Scarlet Spiders is a book with a really fun premise: a trio of Peter Parker clones from various universes team up on a suicide mission to Loom World, the Inheritors’ home base reality, in an attempt to destroy the Inheritor scientist Jennix’s cloning lab. The three of them have strong chemistry: alternate Ben Reilly is written in the most jokey, irreverent style possible, Kaine is still brooding and violent, and Ultimate Jessica Drew balances between fun and naïve and clever and capable. The problem is that they don’t get a ton to do here. There’s some solid fights and banter, but they don’t cover a whole lot of new ground after finding the cloning lab and running into Jennix, who’s hanging out in the lab like a Resident Evil boss. I did like a chilling little interaction between Jennix and a mindwiped/semi-lobotomized iteration of Dr. Miles Warren, but this issue felt a lot lighter than the first. Hopefully there will be more to the third and final issue than just a fight in which someone dies (my money is actually on Kaine, since New Warriors tanked so hard the team ended up as cannon fodder in the first chapter of “Spider-Verse”), since there’s a lot to appreciate here.
Spider-Woman is a less promising. The first issue was decent; Silk is still kind of an irritating character, but Anya (Spider-Girl) and Spider-Gwen showed up towards the end, and Land’s art was relatively inoffensive. I’d sort of hoped that this initial “Spider-Verse” crossover would feature all those characters in various roles, spotlighting a group of “Spider-Women.” This isn’t the case. Instead, Anya and Gwen are nowhere to be seen, and Silk is just jumping between universes (which does give us our first hint of a total weakness of the Inheritors, albeit one of questionable use: they can’t survive a nuclear holocaust). Meanwhile, Spider-Woman herself ended up in Loom World as well, doing some general recon and spying to help prep for an attack by the Spider-Army. It seems her counterpart here is wealthy and revered, by virtue of being Morlun’s concubine. This is kind of a gross plot point, but sadly, since 95% of Spider-Woman’s deal is gross male gaze-y bullshit, it fits right in. Land’s artwork takes a dive, with Spider-Woman looking more and more frequently like a traced nude figure with some details drawn on. I think a lot of it, particularly the Morlun reveal, is supposed to be played for laughs, but it’d take a more competent artist to get that across.

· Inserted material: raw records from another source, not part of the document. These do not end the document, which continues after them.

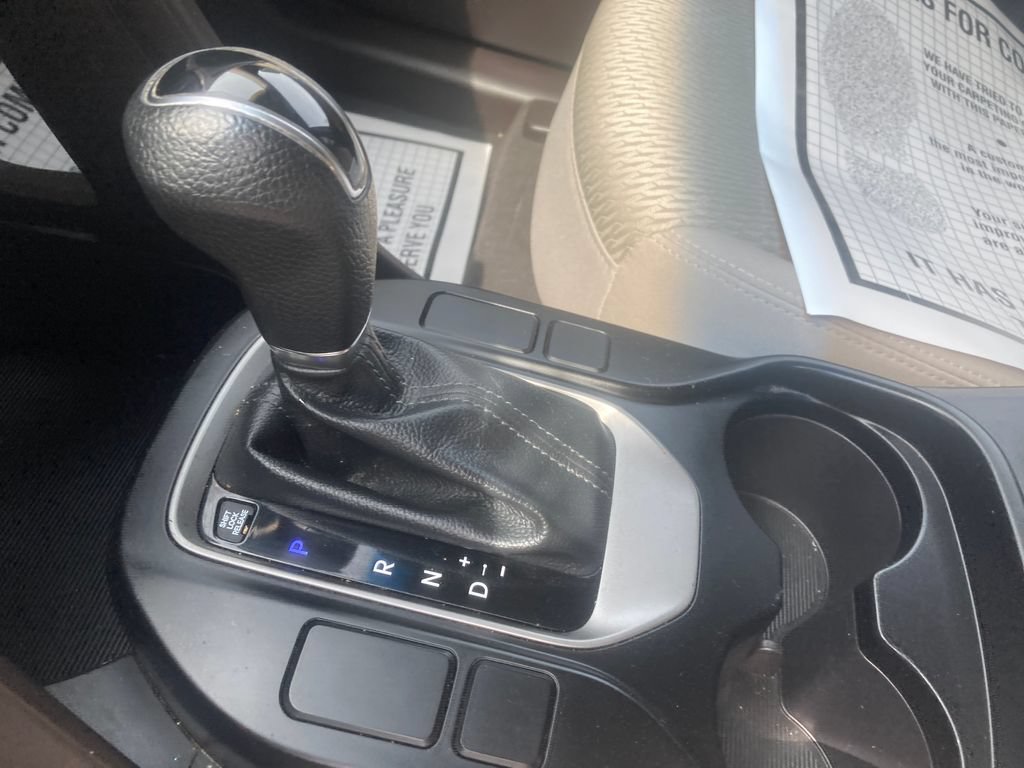 Used 2017 Hyundai Santa Fe Sport AWD/4WD image 30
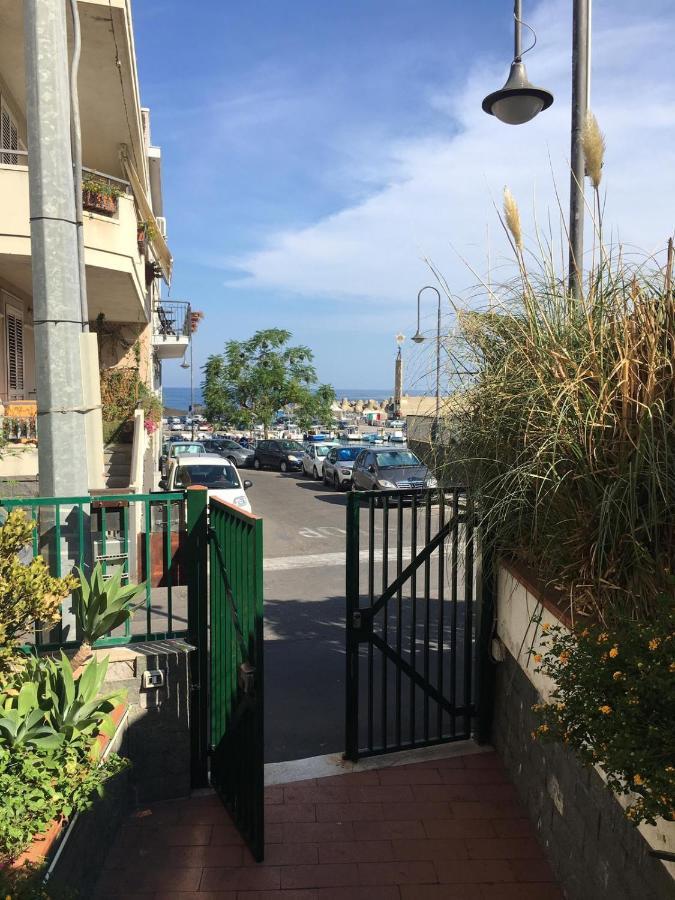 Da Alfio Apartment Acireale Ngoại thất bức ảnh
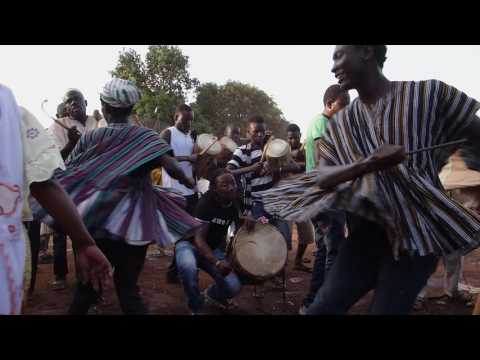 Destro ft. Stay Jay -  Yelmo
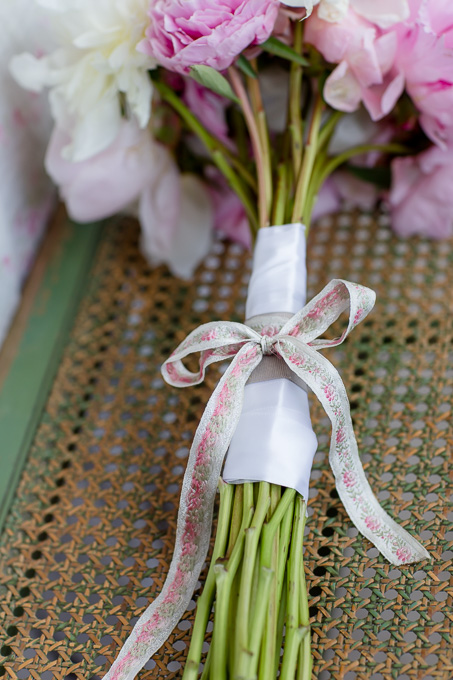 bridal bouquet bow with sentimental meaning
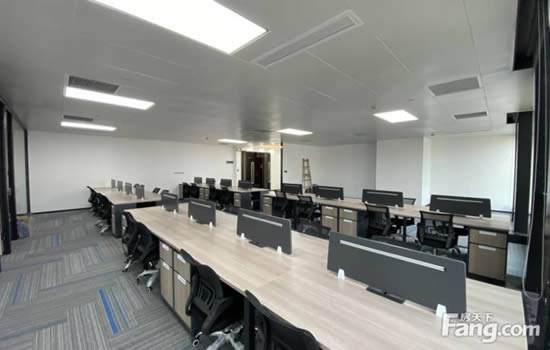 绿地鑫融广场写字楼图片9118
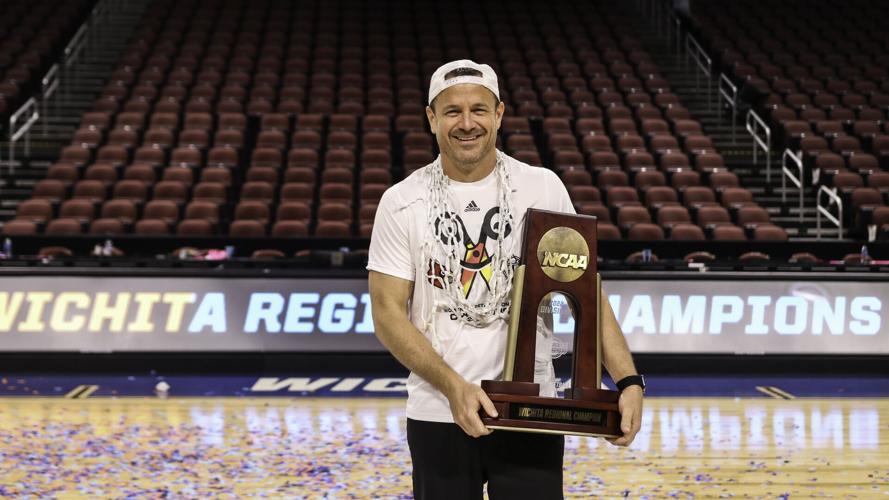 Jeff Walz with Final Four trophy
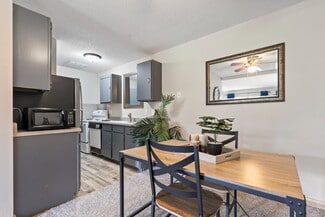 2526 W 31st St S, Wichita, KS 67217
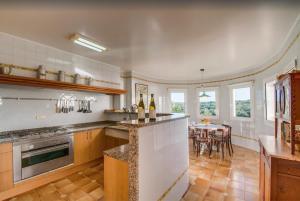 A kitchen or kitchenette at Algueret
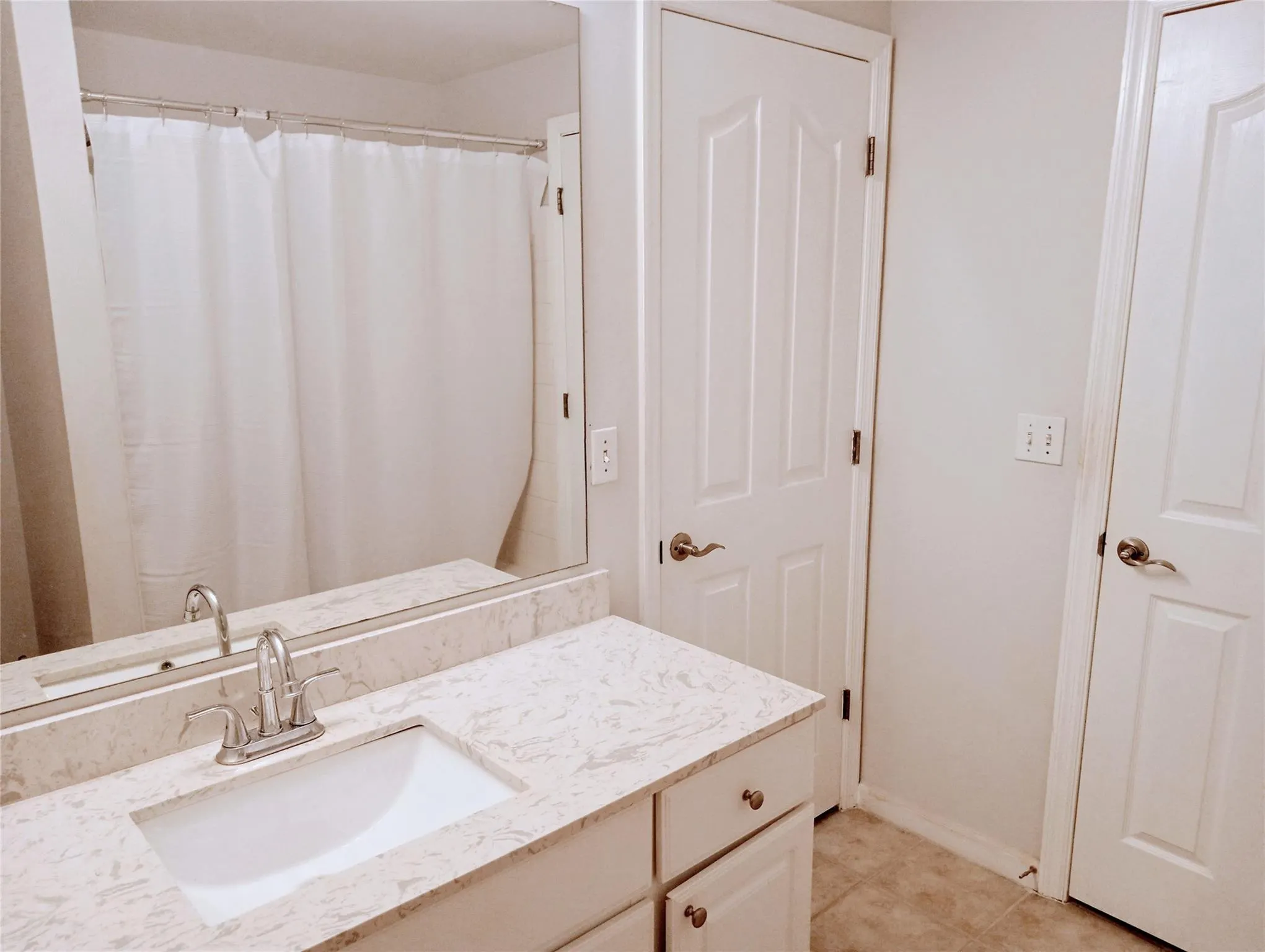 2018 Alta Meadows Ln, #407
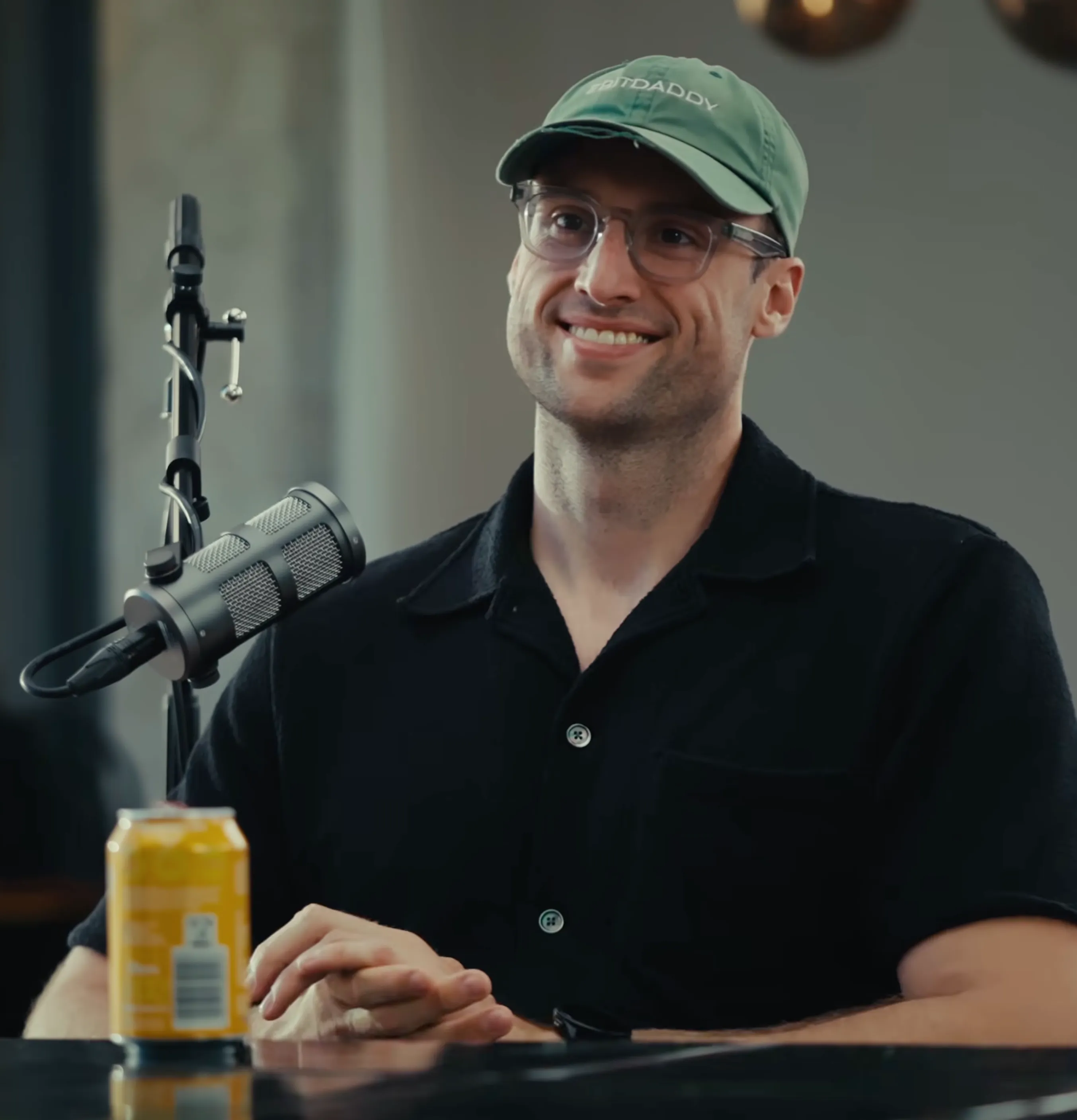 Klient bei der Aufnahme im Podcast-Studio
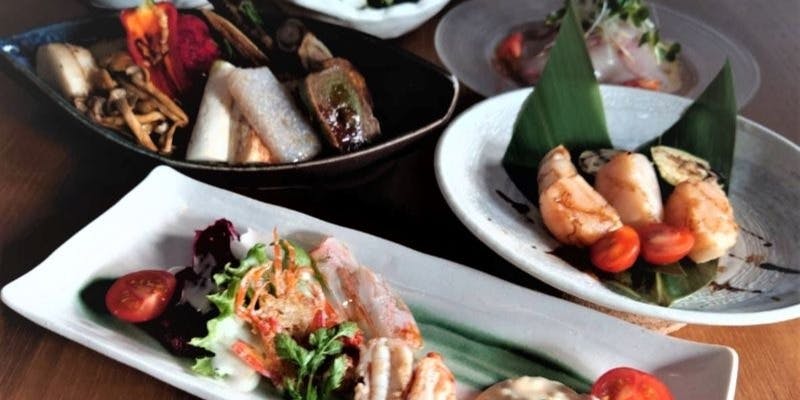 【魚貝を楽しむシーフードコース】本日オススメ海鮮の3種盛り合わせを含む全6品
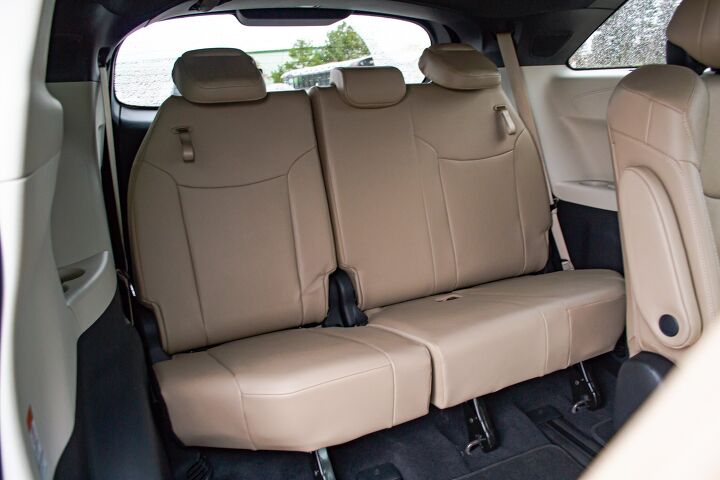 honda odyssey vs toyota sienna comparison minivan mix n match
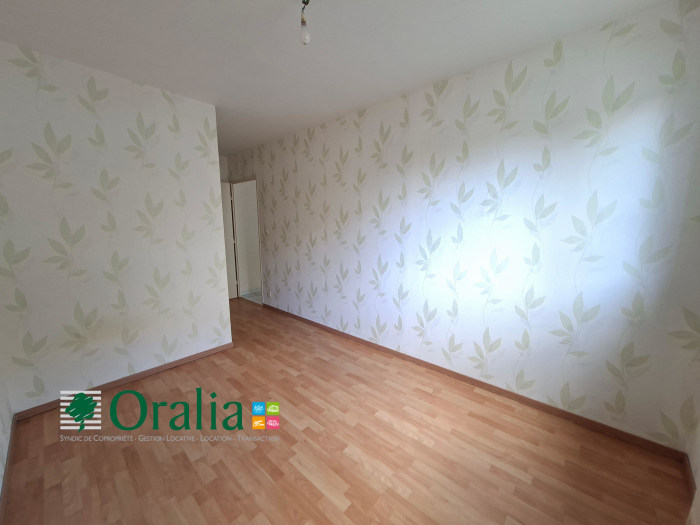 Image 11 sur 17 - Appartement  ·  Location · Dijon (21000) · 2 pièces · 46m²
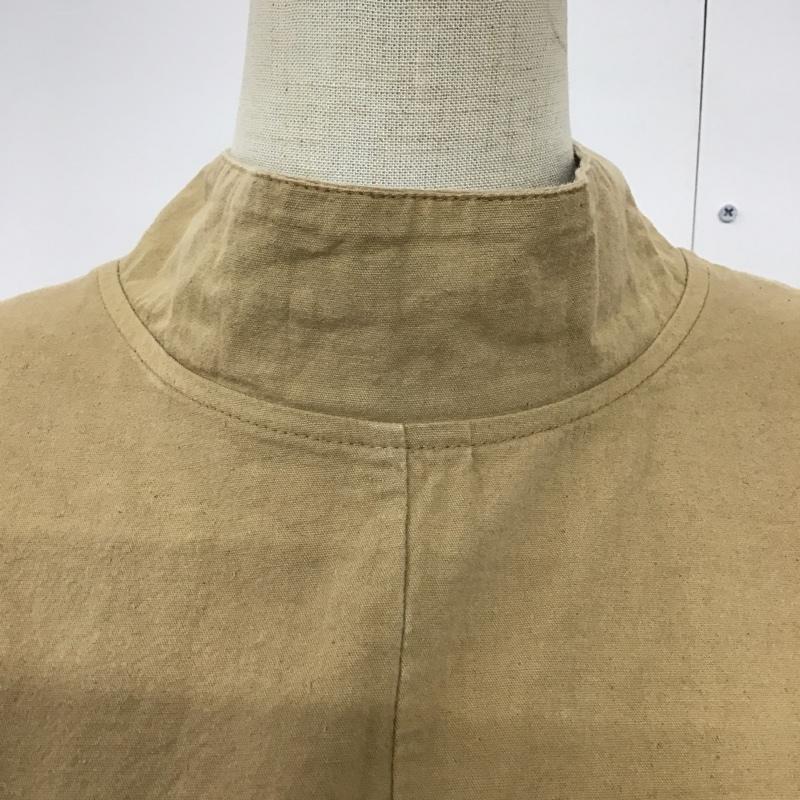 古着 USED ワンピース ロングスカート 長袖ロングワンピース バックスリットワンピース フレアスカート M 無地 ベージュ / ベージュ /  レディース USED 古着 中古 10093946
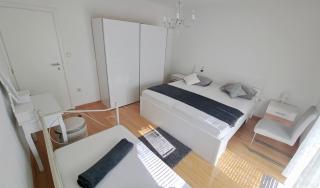 Maria Apartments - 7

I’m sort of interested in both books this week ending up in Loom World (presumably the endgame will take place here, but is it going to start that soon?) but overall, Spider-Woman is kind of a mess of a book. I think it’s telling that when I like the books, I tend to focus more on the characters and beats, but an issue like this takes me right out and I analyze it like an inferior product, as opposed to a real story.
Kayleigh Hearn is reading…
Written by Neil Gaiman
Art by J. H. Williams III
Vertigo
“I understand too much. Can I tell you a story?”
The Sandman is one of the crown jewels of western comics, and The Sandman: Overture is a gleaming new facet to that jewel. Whenever Neil Gaiman returns to his classic Vertigo series, which he has done occasionally since it concluded in the 1990s, there’s a slightly cynical worry that it will be a disappointment. Surely he’s out of new Sandman stories to tell? Issue 4 refutes that idea: this is pure Sandman, a complex and literary work that ultimately challenges the label of “prequel.”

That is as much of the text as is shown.